Le Ghana a une histoire stéréotypée avec la Banque et le Fonds : les dirigeants militaires ont pris le pouvoir par un coup d'État uniquement pour imposer l'ajustement structurel du FMI ; les salaires réels ont chuté de 82% entre 1971 et 1982, les dépenses de santé publique ont diminué de 90% et le prix de la viande a augmenté de 400% au cours de la même période ; les emprunts ont servi à construire d'énormes projets de type éléphant blanc comme le barrage d'Akosombo, qui a alimenté une usine d'aluminium appartenant aux États-Unis au détriment d'une population plus nombreuse. La création du plus grand lac artificiel du monde a provoqué la cécité des rivières et la paralysie de plus de 150,000 personnes. Enfin, 75 % des forêts tropicales du pays ont été détruites alors que les industries du bois, du cacao et des minéraux ont connu un essor considérable et que la production alimentaire nationale s'est effondrée. Le Ghana a reçu une aide de 2,2 milliards de dollars en 2022, mais la dette atteint le niveau record de 31 milliards de dollars, contre 750 millions de dollars il y a 50 ans.
Depuis 1982, sous les "conseils" du FMI, le cedi ghanéen a été dévalué de 38000 %. L'un des principaux résultats de l'ajustement structurel a été, comme ailleurs dans le monde, l'accélération de l'extraction des ressources naturelles du Ghana. Entre 1990 et 2002, par exemple, le gouvernement n'a reçu que 87,3 millions de dollars sur les 5,2 milliards de dollars d'or extraits du sol ghanéen : en d'autres termes, 98,4 % des bénéfices de l'extraction de l'or au Ghana sont allés aux étrangers.
Comme le dit le manifestant ghanéen Lyle Pratt, "le FMI n'est pas là pour faire baisser les prix, il n'est pas là pour s'assurer que nous construisons des routes - ce n'est pas son affaire et il s'en moque tout simplement... La préoccupation première du FMI est de s'assurer que nous construisons la capacité de payer nos prêts, pas de nous développer."
2022 ressemble à une rediffusion.
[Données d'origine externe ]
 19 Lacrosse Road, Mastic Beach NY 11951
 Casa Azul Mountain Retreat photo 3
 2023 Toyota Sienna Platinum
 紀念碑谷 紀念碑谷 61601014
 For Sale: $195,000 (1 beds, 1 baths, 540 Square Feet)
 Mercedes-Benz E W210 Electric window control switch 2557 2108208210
Le cedi ghanéen a été l'une des monnaies les moins performantes du monde cette année, perdant 48,5 % de sa valeur depuis janvier. Le pays est confronté à une crise de la dette et, comme dans les décennies passées, est contraint de donner la priorité au remboursement de ses créanciers plutôt qu'à l'investissement dans son propre peuple.
En octobre, il y a quelques semaines à peine, le pays a reçu sa dernière visite du FMI. Si un prêt est finalisé, ce serait le 17e prêt du FMI pour le Ghana depuis le coup d'État militaire de 1966 soutenu par la CIA. Cela représente 17 couches d'ajustement structurel.
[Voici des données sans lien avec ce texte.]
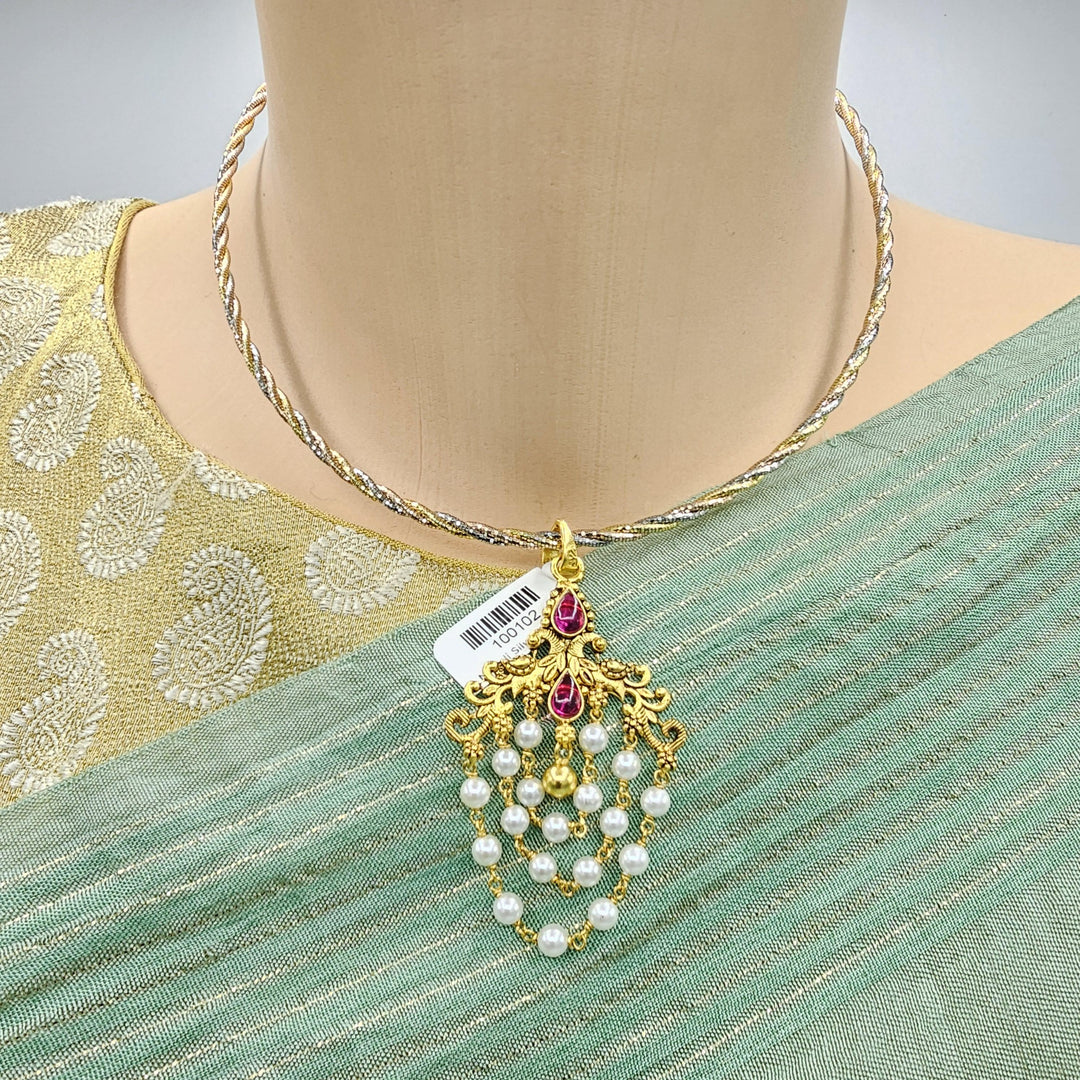 Pearl layer Pendant set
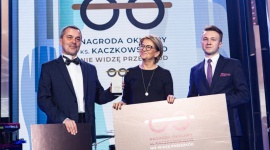 Nie widząc przeszkód, by zmieniać świat na lepsze Styl życia, LIFESTYLE - 20 września 2019 w Sopocie w Sali Koncertowej Polskiej Filharmonii Kameralnej odbyła się gala nagrody “Okulary ks. Kaczkowskiego. Nie widzę przeszkód”. Zwycięzcą I edycji ogólnopolskiej nagrody został Paweł Grabowski, a miejsce II i III zajęli Jolanta Bobińska i Paweł Bilski.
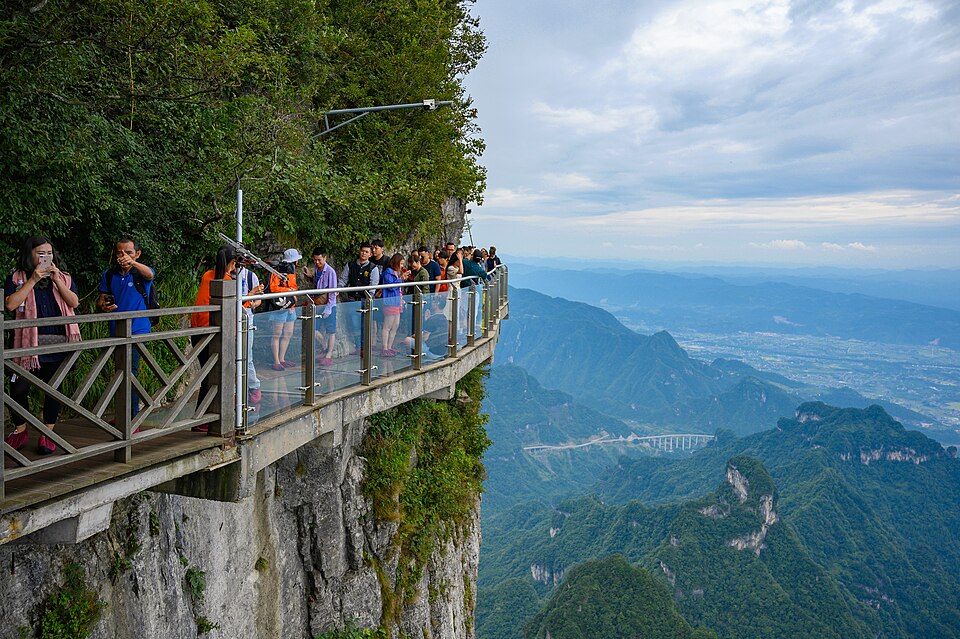 Tianmen Mountain 38215-Zhangjiajie (48757755772) — Zhangjiajie, China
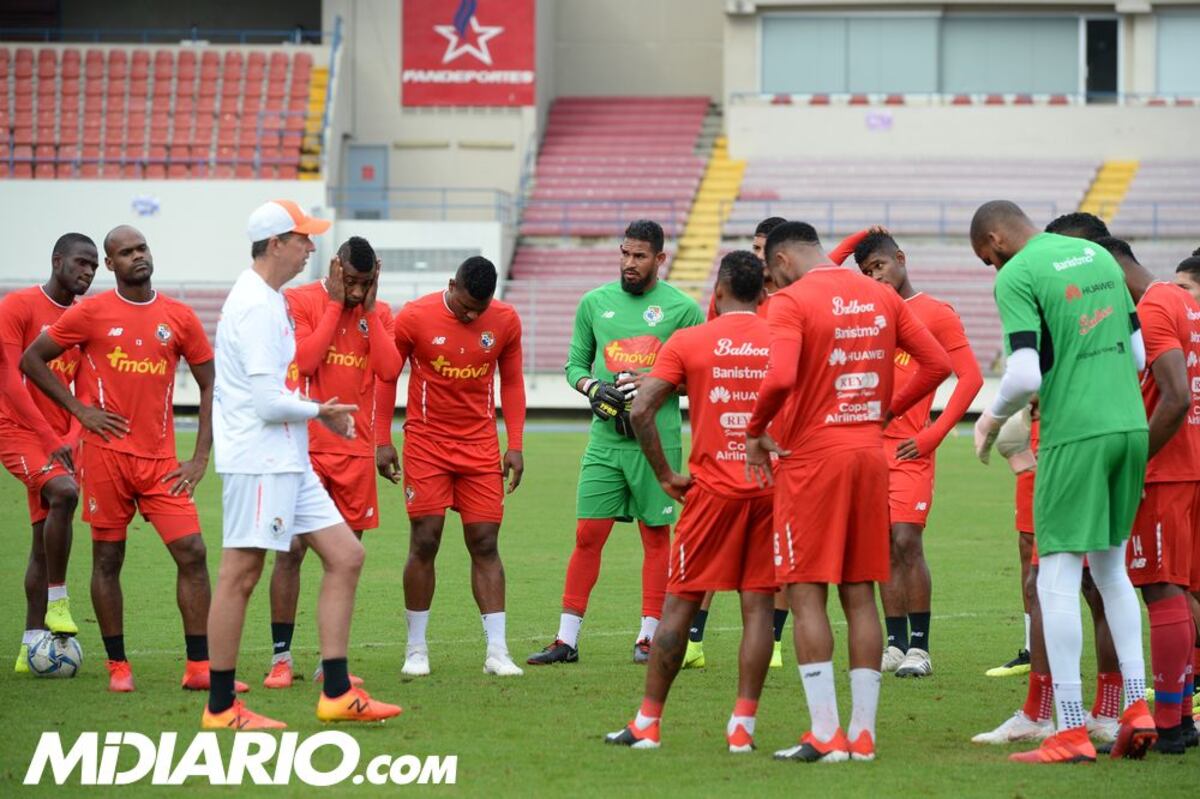 ¡Qué piscina! Cancha del Rommel se inunda a horas del Panamá-Ecuador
Une visite du FMI est un peu comme une visite de la Faucheuse - elle ne peut signifier qu'une chose : plus d'austérité, de douleur et - sans exagération - de mort. Peut-être que les riches et les personnes bien connectées peuvent s'en sortir indemnes ou même s'enrichir, mais pour les pauvres et les classes laborieuses, la dévaluation de la monnaie, la hausse des taux d'intérêt et la disparition du crédit bancaire sont dévastatrices. Ce n'est pas le Ghana de 1973 que Cheryl Payer a décrit pour la première fois dans "The Debt Trap" : nous sommes 50 ans plus tard, et le piège est 40 fois plus profond.
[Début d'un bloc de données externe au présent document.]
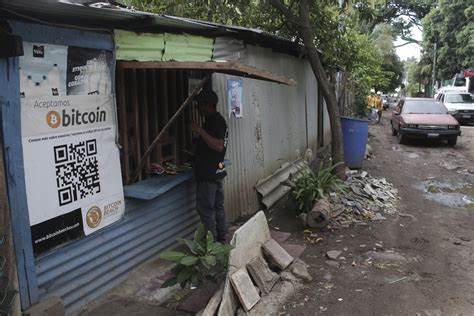 At El Salvador’s Bitcoin Beach, a glimpse of crypto economy - Honolulu Star-Advertiser
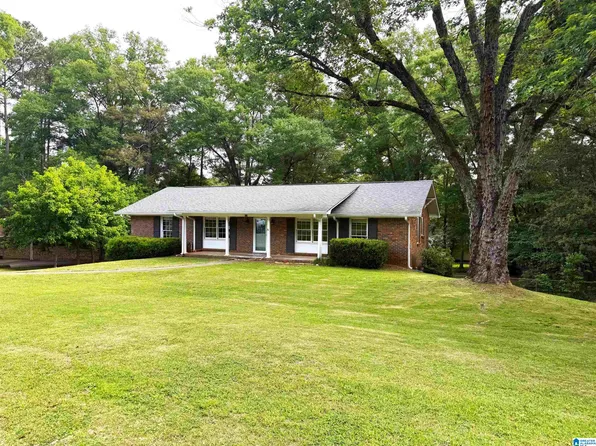 560 Shoshone Dr, Montevallo, AL 35115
Mais il y a peut-être une lueur d'espoir.
Du 5 au 7 décembre 2022, dans la capitale ghanéenne d'Accra, il y aura une visite d'un genre différent. Au lieu de créanciers cherchant à faire payer des intérêts au peuple ghanéen et à dicter leurs industries, les conférenciers et les organisateurs de l'Africa Bitcoin Conference se réunissent pour partager des informations, des outils open-source et des tactiques de décentralisation sur la façon de construire une activité économique qui échappe au contrôle des gouvernements corrompus et des multinationales étrangères.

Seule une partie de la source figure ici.